Finished Cry Havoc:: The Arms Race and the Second World War 1931-41 by Joe Maiolo (review copied from Goodreads)

4>.25/5

>The book starts with the First Five Year Plan in the Soviet Union in 1928 and ends with the USA's entry into WWII. Covers a wide range of topics including economics, political divides (left vs right in the 1930s France for example), factional disputes and arguements between different military services (the Japanese army vs navy but also things the British navy and airforce competing for funding etc), the logic of the various political leaders and the reasons for their decisions etc. There is also a lot on how business leaders responded to rearmament (a mix of positivity due to the extra business with fears over the level of state intervention and control) and how democratic leaders tried to rearm without causing their countries to fall into being totalitarian states. The book is more positive about the prewar democracies than in the traditional 'appeasement' viewpoint, with a lot of focus on how they effectively rearmed. For example when the book comes to the fall of France the author blames that more on French military leadership and intelligence mistakes than any particular prewar economic or political failures of the Third Republic. There are some chapters on the USSR, Japan and the USA but the bulk of the book is about Britain, France, Germany and Italy. While the book does have lots of statistics (steel production, workforces, aircraft production etc) it doesn't feel like constant non-stop numbers. In terms of the different military areas I'd say the book priotises aviation the most, then naval and finally the land forces (artillery, tanks etc) the least.

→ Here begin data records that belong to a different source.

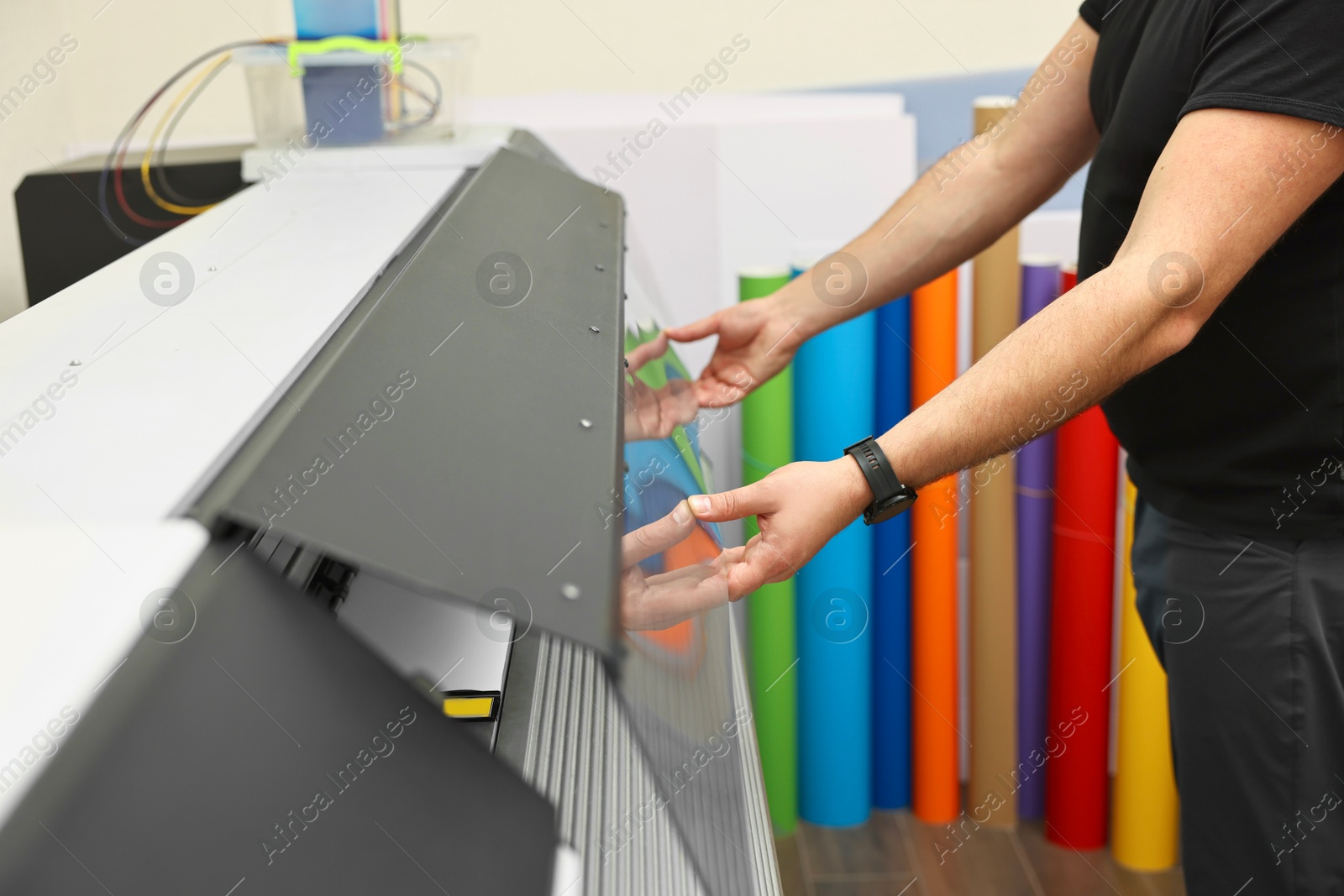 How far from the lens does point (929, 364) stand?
170 centimetres

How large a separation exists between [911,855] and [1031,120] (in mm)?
1281

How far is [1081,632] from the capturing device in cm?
171

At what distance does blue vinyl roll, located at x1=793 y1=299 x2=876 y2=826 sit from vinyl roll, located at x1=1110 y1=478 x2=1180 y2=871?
0.43m

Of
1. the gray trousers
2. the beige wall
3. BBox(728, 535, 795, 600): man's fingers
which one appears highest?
the beige wall

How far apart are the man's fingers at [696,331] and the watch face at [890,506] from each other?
0.46 metres

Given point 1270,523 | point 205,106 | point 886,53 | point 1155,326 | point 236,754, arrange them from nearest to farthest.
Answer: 1. point 236,754
2. point 1155,326
3. point 1270,523
4. point 205,106
5. point 886,53

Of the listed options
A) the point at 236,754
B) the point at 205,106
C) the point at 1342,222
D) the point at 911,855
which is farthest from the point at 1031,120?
the point at 205,106

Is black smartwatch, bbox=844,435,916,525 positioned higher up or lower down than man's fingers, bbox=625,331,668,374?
lower down

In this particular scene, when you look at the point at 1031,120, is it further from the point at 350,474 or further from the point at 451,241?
the point at 350,474

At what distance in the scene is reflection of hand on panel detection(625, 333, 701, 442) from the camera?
2.83 feet

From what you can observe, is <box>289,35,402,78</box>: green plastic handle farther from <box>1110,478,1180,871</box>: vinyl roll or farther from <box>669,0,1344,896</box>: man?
<box>1110,478,1180,871</box>: vinyl roll

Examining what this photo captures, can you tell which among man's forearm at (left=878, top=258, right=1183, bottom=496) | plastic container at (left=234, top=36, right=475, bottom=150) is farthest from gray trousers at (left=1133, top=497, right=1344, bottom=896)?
plastic container at (left=234, top=36, right=475, bottom=150)

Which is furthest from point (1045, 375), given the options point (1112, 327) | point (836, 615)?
point (836, 615)

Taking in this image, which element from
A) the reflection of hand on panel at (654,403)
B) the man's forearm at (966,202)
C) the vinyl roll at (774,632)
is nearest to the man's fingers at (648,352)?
the reflection of hand on panel at (654,403) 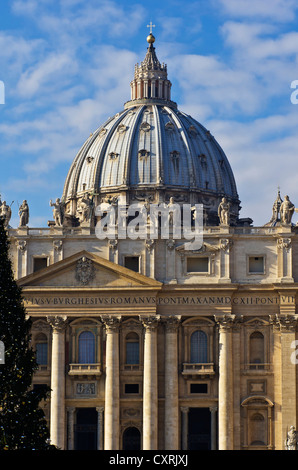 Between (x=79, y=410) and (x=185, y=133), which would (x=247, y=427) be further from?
(x=185, y=133)

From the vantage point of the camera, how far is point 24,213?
279 feet

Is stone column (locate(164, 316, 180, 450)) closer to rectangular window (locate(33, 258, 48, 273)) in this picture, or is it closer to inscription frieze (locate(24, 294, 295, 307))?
inscription frieze (locate(24, 294, 295, 307))

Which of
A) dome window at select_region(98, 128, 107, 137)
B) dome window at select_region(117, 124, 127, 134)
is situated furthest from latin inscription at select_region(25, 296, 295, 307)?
dome window at select_region(98, 128, 107, 137)

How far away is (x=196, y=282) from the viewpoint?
3295 inches

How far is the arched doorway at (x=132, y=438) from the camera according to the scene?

>The book is 400 pages of (in the edition I read) rather small writing so it took me longer than I thought I would, but I still enjoyed it. I'd recommend it if you are interested in the politics and leadup to WWII but I would say you would benefit from going in with a basic knowledge of the big events and names. Not a first book on the time period. While it is a complex topic I'd say for comparison this book is a well easier read, in terms of writing and terminology, than The Wages of Destruction by Adam Tooze.

Now reading Confronting Leviathan: A History of Ideas by David Runciman which is basically summing up the works and ideas (mainly around the state and control) of various important thinkers starting with Hobbes then going onwards from that to more recent ones (I'm nearly halfway through the book and it is up to Marx and Engels). It's based on a podcast called Talking Politics which I've never listened to.